WHAT YOU ARE ASKED TO DO
Word for word, copy the records that follow.

(Short descriptive text snippets)
========================================================================
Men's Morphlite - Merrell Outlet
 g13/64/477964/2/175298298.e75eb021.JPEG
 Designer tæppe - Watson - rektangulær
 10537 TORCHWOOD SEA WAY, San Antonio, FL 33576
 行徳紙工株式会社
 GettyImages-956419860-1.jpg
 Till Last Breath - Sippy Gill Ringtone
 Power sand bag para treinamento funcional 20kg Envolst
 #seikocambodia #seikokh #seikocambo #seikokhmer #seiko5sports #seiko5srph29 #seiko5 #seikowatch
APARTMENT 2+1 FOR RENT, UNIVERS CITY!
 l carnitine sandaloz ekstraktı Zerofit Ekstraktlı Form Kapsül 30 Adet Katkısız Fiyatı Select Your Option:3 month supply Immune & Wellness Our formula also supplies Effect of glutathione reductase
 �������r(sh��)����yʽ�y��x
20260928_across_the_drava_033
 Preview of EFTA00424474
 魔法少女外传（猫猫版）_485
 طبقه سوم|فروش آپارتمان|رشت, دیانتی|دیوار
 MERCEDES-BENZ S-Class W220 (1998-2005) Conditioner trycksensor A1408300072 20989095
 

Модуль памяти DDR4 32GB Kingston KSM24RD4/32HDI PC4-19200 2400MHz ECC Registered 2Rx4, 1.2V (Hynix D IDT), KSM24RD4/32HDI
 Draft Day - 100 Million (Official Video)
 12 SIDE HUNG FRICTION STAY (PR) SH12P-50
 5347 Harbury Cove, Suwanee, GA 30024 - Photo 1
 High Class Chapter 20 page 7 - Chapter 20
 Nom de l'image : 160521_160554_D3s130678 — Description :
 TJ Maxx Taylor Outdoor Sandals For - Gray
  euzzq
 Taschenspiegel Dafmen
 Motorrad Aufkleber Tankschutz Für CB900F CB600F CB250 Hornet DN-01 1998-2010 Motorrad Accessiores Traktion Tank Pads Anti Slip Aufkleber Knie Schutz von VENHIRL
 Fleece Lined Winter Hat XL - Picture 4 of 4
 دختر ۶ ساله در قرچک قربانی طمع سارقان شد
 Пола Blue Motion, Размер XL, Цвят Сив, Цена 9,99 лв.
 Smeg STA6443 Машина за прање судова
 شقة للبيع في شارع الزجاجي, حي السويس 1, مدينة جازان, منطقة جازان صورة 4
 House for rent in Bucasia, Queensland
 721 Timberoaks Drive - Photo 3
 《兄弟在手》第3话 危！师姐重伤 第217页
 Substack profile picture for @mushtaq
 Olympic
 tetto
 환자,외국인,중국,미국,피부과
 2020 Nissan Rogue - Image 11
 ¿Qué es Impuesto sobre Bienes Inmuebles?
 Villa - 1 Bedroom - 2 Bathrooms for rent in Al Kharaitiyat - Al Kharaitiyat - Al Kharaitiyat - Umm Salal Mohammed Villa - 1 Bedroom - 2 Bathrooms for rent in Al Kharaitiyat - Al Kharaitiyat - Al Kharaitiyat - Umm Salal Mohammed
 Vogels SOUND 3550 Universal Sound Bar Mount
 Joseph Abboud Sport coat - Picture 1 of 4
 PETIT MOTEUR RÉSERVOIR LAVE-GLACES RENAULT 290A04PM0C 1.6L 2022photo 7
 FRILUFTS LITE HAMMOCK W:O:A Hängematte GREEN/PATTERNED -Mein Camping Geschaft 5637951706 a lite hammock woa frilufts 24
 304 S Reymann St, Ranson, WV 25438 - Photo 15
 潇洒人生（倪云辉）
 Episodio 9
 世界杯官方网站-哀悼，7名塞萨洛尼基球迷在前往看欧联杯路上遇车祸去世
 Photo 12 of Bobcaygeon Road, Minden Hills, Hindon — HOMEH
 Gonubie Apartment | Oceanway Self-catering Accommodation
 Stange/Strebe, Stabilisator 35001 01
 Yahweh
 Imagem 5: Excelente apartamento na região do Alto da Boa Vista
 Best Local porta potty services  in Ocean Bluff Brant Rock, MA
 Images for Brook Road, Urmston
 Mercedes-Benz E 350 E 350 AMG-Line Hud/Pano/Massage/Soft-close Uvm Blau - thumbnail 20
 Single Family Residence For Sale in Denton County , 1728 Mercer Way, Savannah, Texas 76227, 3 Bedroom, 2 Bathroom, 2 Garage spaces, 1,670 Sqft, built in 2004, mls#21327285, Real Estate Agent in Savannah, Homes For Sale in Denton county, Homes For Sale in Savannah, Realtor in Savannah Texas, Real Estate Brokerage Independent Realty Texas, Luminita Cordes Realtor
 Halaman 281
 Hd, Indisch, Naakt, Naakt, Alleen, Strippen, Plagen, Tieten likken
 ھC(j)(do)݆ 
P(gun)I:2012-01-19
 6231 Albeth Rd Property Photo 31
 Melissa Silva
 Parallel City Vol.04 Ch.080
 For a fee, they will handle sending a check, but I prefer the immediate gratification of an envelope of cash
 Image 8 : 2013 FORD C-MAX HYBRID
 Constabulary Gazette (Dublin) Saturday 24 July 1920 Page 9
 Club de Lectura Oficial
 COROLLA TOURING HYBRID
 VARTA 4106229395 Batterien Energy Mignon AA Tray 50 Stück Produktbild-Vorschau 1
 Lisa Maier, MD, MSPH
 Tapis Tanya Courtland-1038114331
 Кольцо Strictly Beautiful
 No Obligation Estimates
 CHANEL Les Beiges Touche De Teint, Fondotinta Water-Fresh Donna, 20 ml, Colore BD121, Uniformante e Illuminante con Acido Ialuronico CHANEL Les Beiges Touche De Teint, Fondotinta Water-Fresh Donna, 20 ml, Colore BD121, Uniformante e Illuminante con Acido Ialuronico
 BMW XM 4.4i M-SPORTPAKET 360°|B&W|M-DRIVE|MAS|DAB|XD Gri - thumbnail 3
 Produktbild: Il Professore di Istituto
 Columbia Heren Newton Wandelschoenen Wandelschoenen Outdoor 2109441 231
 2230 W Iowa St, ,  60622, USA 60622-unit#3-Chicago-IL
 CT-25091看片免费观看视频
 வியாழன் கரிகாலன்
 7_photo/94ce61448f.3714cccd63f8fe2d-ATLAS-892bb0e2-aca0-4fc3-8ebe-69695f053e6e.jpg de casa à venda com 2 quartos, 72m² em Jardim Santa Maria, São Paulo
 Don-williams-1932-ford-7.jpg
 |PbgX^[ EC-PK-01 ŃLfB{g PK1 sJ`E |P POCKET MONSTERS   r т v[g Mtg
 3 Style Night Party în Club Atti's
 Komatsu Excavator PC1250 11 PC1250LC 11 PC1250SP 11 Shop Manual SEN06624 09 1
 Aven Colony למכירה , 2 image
========================================================================
ANSWER
Men's Morphlite - Merrell Outlet
 g13/64/477964/2/175298298.e75eb021.JPEG
 Designer tæppe - Watson - rektangulær
 10537 TORCHWOOD SEA WAY, San Antonio, FL 33576
 行徳紙工株式会社
 GettyImages-956419860-1.jpg
 Till Last Breath - Sippy Gill Ringtone
 Power sand bag para treinamento funcional 20kg Envolst
 #seikocambodia #seikokh #seikocambo #seikokhmer #seiko5sports #seiko5srph29 #seiko5 #seikowatch
APARTMENT 2+1 FOR RENT, UNIVERS CITY!
 l carnitine sandaloz ekstraktı Zerofit Ekstraktlı Form Kapsül 30 Adet Katkısız Fiyatı Select Your Option:3 month supply Immune & Wellness Our formula also supplies Effect of glutathione reductase
 �������r(sh��)����yʽ�y��x
20260928_across_the_drava_033
 Preview of EFTA00424474
 魔法少女外传（猫猫版）_485
 طبقه سوم|فروش آپارتمان|رشت, دیانتی|دیوار
 MERCEDES-BENZ S-Class W220 (1998-2005) Conditioner trycksensor A1408300072 20989095
 

Модуль памяти DDR4 32GB Kingston KSM24RD4/32HDI PC4-19200 2400MHz ECC Registered 2Rx4, 1.2V (Hynix D IDT), KSM24RD4/32HDI
 Draft Day - 100 Million (Official Video)
 12 SIDE HUNG FRICTION STAY (PR) SH12P-50
 5347 Harbury Cove, Suwanee, GA 30024 - Photo 1
 High Class Chapter 20 page 7 - Chapter 20
 Nom de l'image : 160521_160554_D3s130678 — Description :
 TJ Maxx Taylor Outdoor Sandals For - Gray
  euzzq
 Taschenspiegel Dafmen
 Motorrad Aufkleber Tankschutz Für CB900F CB600F CB250 Hornet DN-01 1998-2010 Motorrad Accessiores Traktion Tank Pads Anti Slip Aufkleber Knie Schutz von VENHIRL
 Fleece Lined Winter Hat XL - Picture 4 of 4
 دختر ۶ ساله در قرچک قربانی طمع سارقان شد
 Пола Blue Motion, Размер XL, Цвят Сив, Цена 9,99 лв.
 Smeg STA6443 Машина за прање судова
 شقة للبيع في شارع الزجاجي, حي السويس 1, مدينة جازان, منطقة جازان صورة 4
 House for rent in Bucasia, Queensland
 721 Timberoaks Drive - Photo 3
 《兄弟在手》第3话 危！师姐重伤 第217页
 Substack profile picture for @mushtaq
 Olympic
 tetto
 환자,외국인,중국,미국,피부과
 2020 Nissan Rogue - Image 11
 ¿Qué es Impuesto sobre Bienes Inmuebles?
 Villa - 1 Bedroom - 2 Bathrooms for rent in Al Kharaitiyat - Al Kharaitiyat - Al Kharaitiyat - Umm Salal Mohammed Villa - 1 Bedroom - 2 Bathrooms for rent in Al Kharaitiyat - Al Kharaitiyat - Al Kharaitiyat - Umm Salal Mohammed
 Vogels SOUND 3550 Universal Sound Bar Mount
 Joseph Abboud Sport coat - Picture 1 of 4
 PETIT MOTEUR RÉSERVOIR LAVE-GLACES RENAULT 290A04PM0C 1.6L 2022photo 7
 FRILUFTS LITE HAMMOCK W:O:A Hängematte GREEN/PATTERNED -Mein Camping Geschaft 5637951706 a lite hammock woa frilufts 24
 304 S Reymann St, Ranson, WV 25438 - Photo 15
 潇洒人生（倪云辉）
 Episodio 9
 世界杯官方网站-哀悼，7名塞萨洛尼基球迷在前往看欧联杯路上遇车祸去世
 Photo 12 of Bobcaygeon Road, Minden Hills, Hindon — HOMEH
 Gonubie Apartment | Oceanway Self-catering Accommodation
 Stange/Strebe, Stabilisator 35001 01
 Yahweh
 Imagem 5: Excelente apartamento na região do Alto da Boa Vista
 Best Local porta potty services  in Ocean Bluff Brant Rock, MA
 Images for Brook Road, Urmston
 Mercedes-Benz E 350 E 350 AMG-Line Hud/Pano/Massage/Soft-close Uvm Blau - thumbnail 20
 Single Family Residence For Sale in Denton County , 1728 Mercer Way, Savannah, Texas 76227, 3 Bedroom, 2 Bathroom, 2 Garage spaces, 1,670 Sqft, built in 2004, mls#21327285, Real Estate Agent in Savannah, Homes For Sale in Denton county, Homes For Sale in Savannah, Realtor in Savannah Texas, Real Estate Brokerage Independent Realty Texas, Luminita Cordes Realtor
 Halaman 281
 Hd, Indisch, Naakt, Naakt, Alleen, Strippen, Plagen, Tieten likken
 ھC(j)(do)݆ 
P(gun)I:2012-01-19
 6231 Albeth Rd Property Photo 31
 Melissa Silva
 Parallel City Vol.04 Ch.080
 For a fee, they will handle sending a check, but I prefer the immediate gratification of an envelope of cash
 Image 8 : 2013 FORD C-MAX HYBRID
 Constabulary Gazette (Dublin) Saturday 24 July 1920 Page 9
 Club de Lectura Oficial
 COROLLA TOURING HYBRID
 VARTA 4106229395 Batterien Energy Mignon AA Tray 50 Stück Produktbild-Vorschau 1
 Lisa Maier, MD, MSPH
 Tapis Tanya Courtland-1038114331
 Кольцо Strictly Beautiful
 No Obligation Estimates
 CHANEL Les Beiges Touche De Teint, Fondotinta Water-Fresh Donna, 20 ml, Colore BD121, Uniformante e Illuminante con Acido Ialuronico CHANEL Les Beiges Touche De Teint, Fondotinta Water-Fresh Donna, 20 ml, Colore BD121, Uniformante e Illuminante con Acido Ialuronico
 BMW XM 4.4i M-SPORTPAKET 360°|B&W|M-DRIVE|MAS|DAB|XD Gri - thumbnail 3
 Produktbild: Il Professore di Istituto
 Columbia Heren Newton Wandelschoenen Wandelschoenen Outdoor 2109441 231
 2230 W Iowa St, ,  60622, USA 60622-unit#3-Chicago-IL
 CT-25091看片免费观看视频
 வியாழன் கரிகாலன்
 7_photo/94ce61448f.3714cccd63f8fe2d-ATLAS-892bb0e2-aca0-4fc3-8ebe-69695f053e6e.jpg de casa à venda com 2 quartos, 72m² em Jardim Santa Maria, São Paulo
 Don-williams-1932-ford-7.jpg
 |PbgX^[ EC-PK-01 ŃLfB{g PK1 sJ`E |P POCKET MONSTERS   r т v[g Mtg
 3 Style Night Party în Club Atti's
 Komatsu Excavator PC1250 11 PC1250LC 11 PC1250SP 11 Shop Manual SEN06624 09 1
 Aven Colony למכירה , 2 image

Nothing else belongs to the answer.